Definition:  A function $f$ has a vertical asymptote at $a$ if
$$ \lim_{x\to a} f(x) = \pm \infty. $$

These two definitions are, in the context of real-valued functions, contradictory.  Suppose that $f$ is continuous at $a$.  Then
$$ \lim_{x\to a} f(x) = f(a) \in \mathbb{R}. $$
It is then impossible to have $\lim_{x\to a} f(x) = \pm \infty$, as neither $\pm\infty\in\mathbb{R}$.  Thus if a function is continuous at $a$, it cannot have an asymptote at $a$.  Conversely, by a similar argument, if $f$ has an asymptote at $a$, then it cannot be continuous at $a$ (either $a$ is not in the domain of $f$, or you run into the same problem of the limit needing to be both infinite and a real number).
It is worth pointing out that a discontinuous function can "cross" a vertical asymptote.  For example, the function
$$x \mapsto \begin{cases}
\dfrac{1}{x} & \text{if $x \ne 0$, and} \\[1ex]
0 & \text{if $x=0$}
\end{cases} $$
has a vertical asymptote at zero, but crosses that asymptote in the sense that there is a point of the function which lies on the asymptote (specifically, the point $(0,0)$).
However, in the study of functions beyond an elementary calculus course, there are contexts in which a function can have an asymptote at a point of continuity.  For example, consider the function
$$ g : \mathbb{R} \to \overline{\mathbb{R}} : x \mapsto \begin{cases} \dfrac{1}{x^2} & \text{if $x \ne 0$, and} \\[1ex]

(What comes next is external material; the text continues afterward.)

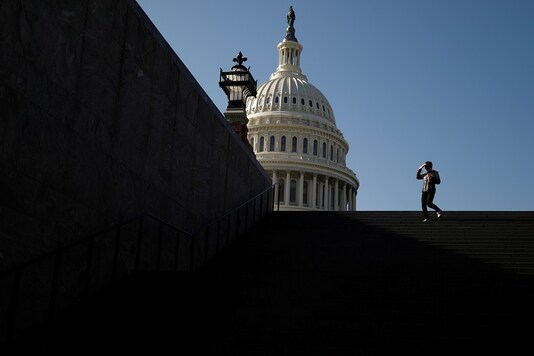 A visitor walks outside of the US Capitol. (Reuters)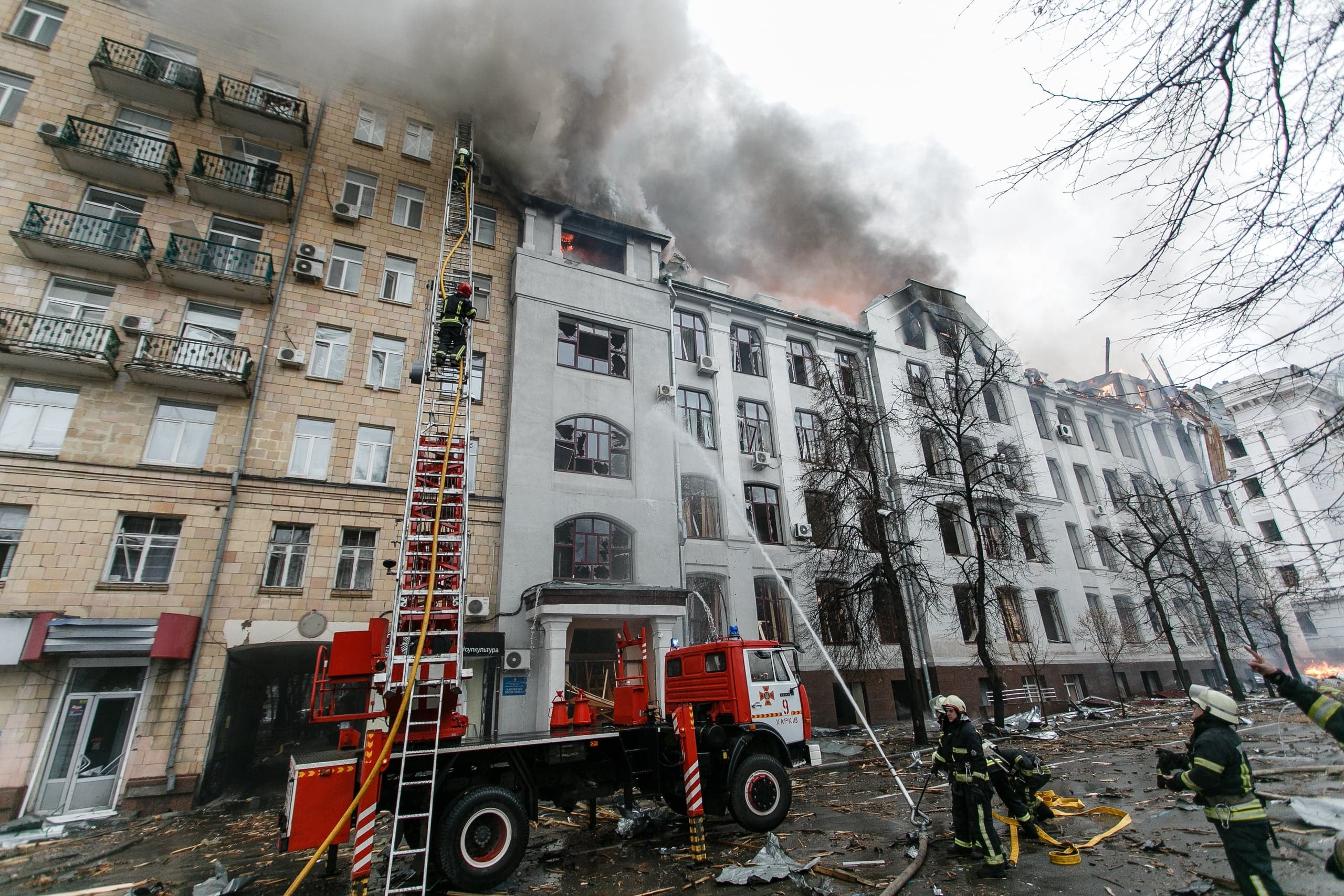 Тушение сильного пожара в многоэтажном здании. Густой дым, пламя на верхних этажах, пожарная машина с выдвижной лестницей и спасатели.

+\infty & \text{$x = 0$,} \end{cases} $$
where $\overline{\mathbb{R}}$ is the extended real line, defined by $\mathbb{R} \cup \{+\infty, -\infty\}$.  Here, the codomain is replaced by a set which contains two special elements:  positive and negative infinity, which are defined by the property that if $x \in \mathbb{R}$, then
$$ -\infty < x < +\infty. $$
It takes a little bit of work to show that "continuity" still makes sense for functions with this codomain (the relevant field of study is point-set topology), but it can be done.  In this setting,
$$ \lim_{x\to 0} f(x) = \lim_{x\to 0} \frac{1}{x^2} = +\infty = f(0), $$
hence the function both has a vertical asymptote at zero, and is continuous at zero.
A: No.
By definition, a function $f$ has a vertical asymptote at $a$ if $$\lim_{x\to a} f(x) = \pm \infty$$
Using this definition, it can easily be shown that, if a function has a vertical asymptote at $a$ and the function is also defined at $a$, then the function is not continuous. So, the function's graph cannot intersect the vertical asymptote because in order for it to do so, the graph should contain a point on the asymptote.